For multiclass classification, input features are:

  • observation $x$
  • candidate output class $c$

$\Rightarrow$ When we are discussing features we will use the notation $f_i(c, x)$: feature $i$ for a particular class $c$ for a given observation $x$

Example

Suppose we are doing text classification, and instead of binary classification our task is to assign one of the 3 classes +, −, or 0 (neutral) to a document.

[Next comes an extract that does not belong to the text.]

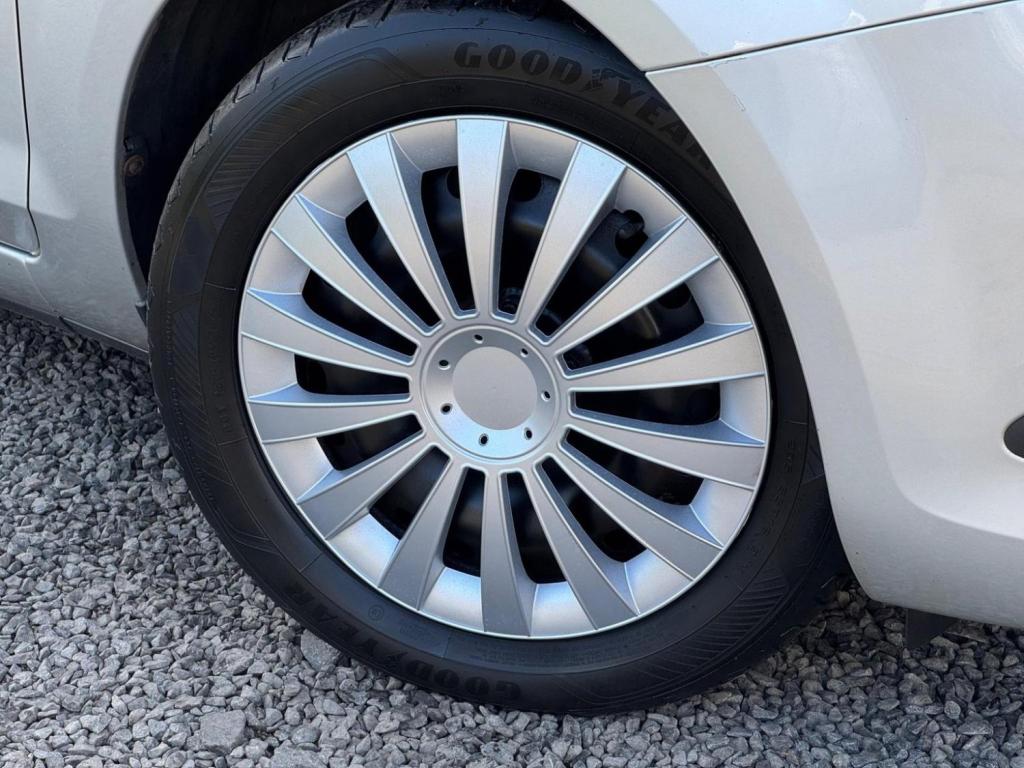 FORD FOCUS 1.6 TDCi DPF Studio 5dr 2009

Now a feature related to exclamation marks might have a negative weight for 0 documents, and a positive weight for + or − documents:

截屏2020-05-29 15.59.37

Learning in Multinomial Logistic Regression

The loss function for a single example $x$ is the sum of the logs of the $K$ output classes:

$$ \begin{aligned} L_{C E}(\hat{y}, y) &=-\sum_{k=1}^{K} \mathbb{1}\\{y=k\\} \log p(y=k | x) \\\\ &=-\sum_{k=1}^{K} \mathbb{1}\\{y=k\\} \log \frac{e^{w_{k} \cdot x+b_{k}}}{\sum_{j=1}^{K} e^{w_{j} \cdot x+b_{j}}} \end{aligned} $$
  • $1\{\}$: evaluates to $1$ if the condition in the brackets is true and to $0$ otherwise.

Gradient:

$$ \begin{aligned} \frac{\partial L_{C E}}{\partial w_{k}} &=-(\mathbb{1}\\{y=k\\}-p(y=k | x)) x_{k} \\\\ &=-\left(\mathbb{1}\\{y=k\\}-\frac{e^{w_{k} \cdot x+b_{k}}}{\sum_{j=1}^{K} e^{w_{j} \cdot x+b_{j}}}\right) x_{k} \end{aligned} $$